Friedebert Tuglas wurde auf dem Gut Ahja geboren, wo sein Vater eine Stellung als Tischler hatte. Seit 1901 ging er in Tartu auf die Stadtschule, wo er zum ersten Mal mit Gustav Suits zusammentraf. 1903 verließ er die Schule jedoch wieder, um einem Rausschmiss zuvorzukommen: Er hatte zusammen mit Suits eine Gedenkfeier zum 60. Geburtstag von Lydia Koidula und Mihkel Veske organisiert, was der Schulleitung missfiel.[1] Nach einem Jahr in der Redaktion des Postimees setzte er seine Schulzeit von 1904 bis 1905 auf dem Hugo-Treffner-Gymnasium fort. Sein Bildungsweg endete jedoch abrupt infolge der revolutionären Ereignisse von 1905, an denen er aktiv mitgewirkt hatte. Im Dezember 1905 erfolgte seine Verhaftung in Tallinn, wo er bis Anfang März 1906 im Gefängnis auf dem Domberg inhaftiert blieb.
Nach seiner Freilassung lebte er kurzzeitig in Sankt Petersburg, musste aber bald als politischer Flüchtling ins Exil gehen, wo er die Jahre von 1906 bis 1917 verbrachte. Er lebte hauptsächlich in Finnland, verbrachte fünf Winter in Paris und war kürzere Zeit auch in Deutschland, Belgien und der Schweiz. Darüber hinaus führten ihn Reisen nach Skandinavien, Italien und Spanien.[2]
Im März 1917 konnte Tuglas legal nach Estland zurückkehren, wo er sich aktiv am Aufbau und der Gestaltung des kulturellen Lebens beteiligte und schnell zur anerkannten Autorität des literarischen Feldes wurde.
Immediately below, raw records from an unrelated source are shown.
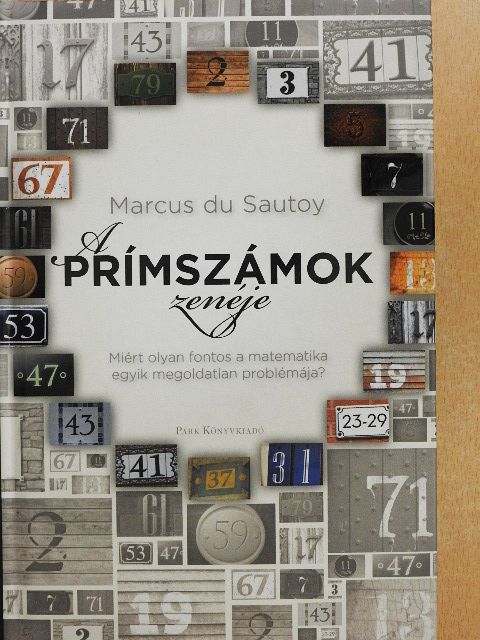 Marcus du Sautoy - A prímszámok zenéje [antikvár]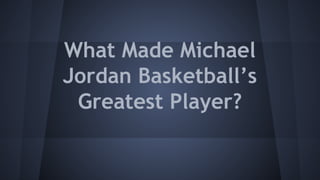 What Made Michael
Jordan Basketball’s
Greatest Player?
 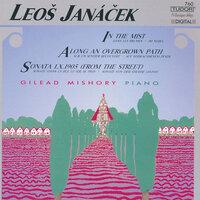 Janacek, L.: On the Overgrown Path / In the Mists / From the Street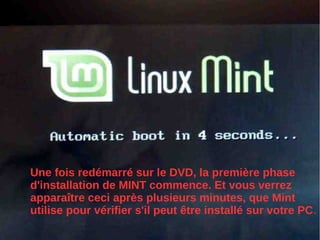 Une fois redémarré sur le DVD, la première phase
d'installation de MINT commence. Et vous verrez
apparaître ceci après plusieurs minutes, que Mint
utilise pour vérifier s'il peut être installé sur votre PC.
 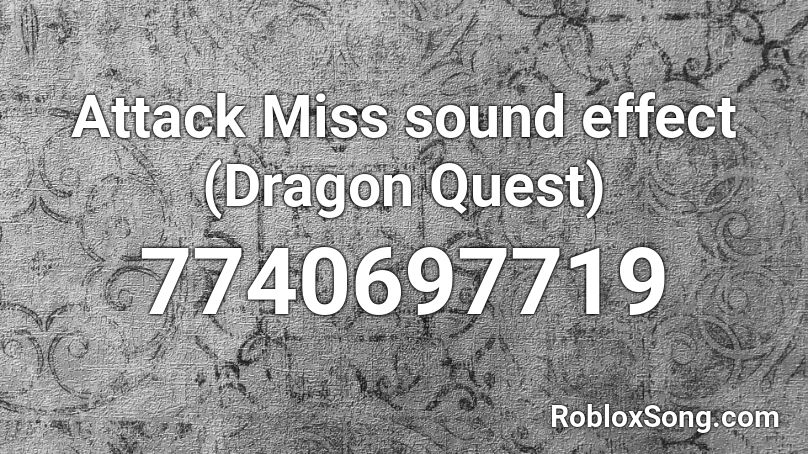 Attack Miss sound effect (Dragon Quest) Roblox ID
Nach der Sowjetisierung Estlands war er kurzzeitig Chefredakteur von Looming. Als der Zweite Weltkrieg auf Estland übergriff, verbrachte Tuglas zwei Wochen im Sommer 1941 im Wald[3], bevor er in das dann von den Deutschen besetzte Tartu zurückkehrte. Die Kriegsjahre lebte er zurückgezogen in Tartu und Viljandi.
Nach dem Zweiten Weltkrieg zog Tuglas nach Tallinn, wo er 1946 korrespondierendes Mitglied der Sowjetestnischen Akademie der Wissenschaften wurde. 1949 traf ihn jedoch der Bannstrahl des Stalinismus: Er wurde aus dem Schriftstellerverband geworfen und verlor seine Sonderpension, so dass er sich mit Übersetzungen über Wasser halten musste. Erst im Mai 1955 erfolgte seine vollständige Rehabilitation.
Friedebert Tuglas war verheiratet mit Elo Tuglas (1896–1970), deren veröffentlichte Tagebücher[4] eine wertvolle zeitgeschichtliche Quelle sind. Friedebert Tuglas starb in Tallinn und ist auf dem Waldfriedhof begraben.
Tuglas debütierte als Fünfzehnjähriger 1901 mit einer Erzählung und publizierte 1906 sein erstes Buch. In rascher Folge erschienen weitere Bücher, wobei eine zentrale Stellung in seinem literarischen Schaffen die Kurzprosa, genauer gesagt die Novelle einnimmt. Innerhalb der ersten beiden Jahrzehnte des 20. Jahrhunderts verfasste er rund 40 Texte in diesem Genre. Er konzentrierte sich auf diese kleine literarische Form und besticht durch eine „sorgsam ausgewählte und ausgefeilte Sprache.“[5] Häufig atmet in den Texten eine etwas düstere Stimmung, verbindendes Element der Novellen dieser Zeit ist die Vorstellung „eines tragischen menschlichen Lebens und eines unbegreiflichen Schicksals.“[6]
Neben Reiseberichten und zahllosen literaturkritischen Arbeiten veröffentlichte Tuglas ferner zwei Romane mit autobiographischen Einsprengseln: 1915 erschien der Tagebuchroman Felix Ormusson, der u. a. philosophische Betrachtungen zur Zeit enthält, 1937 folgte der Roman Väike Illimar ('Kleiner Illimar'), der das Leben eines etwa fünfjährigen Jungen am Ende des 19. Jahrhunderts beschreibt.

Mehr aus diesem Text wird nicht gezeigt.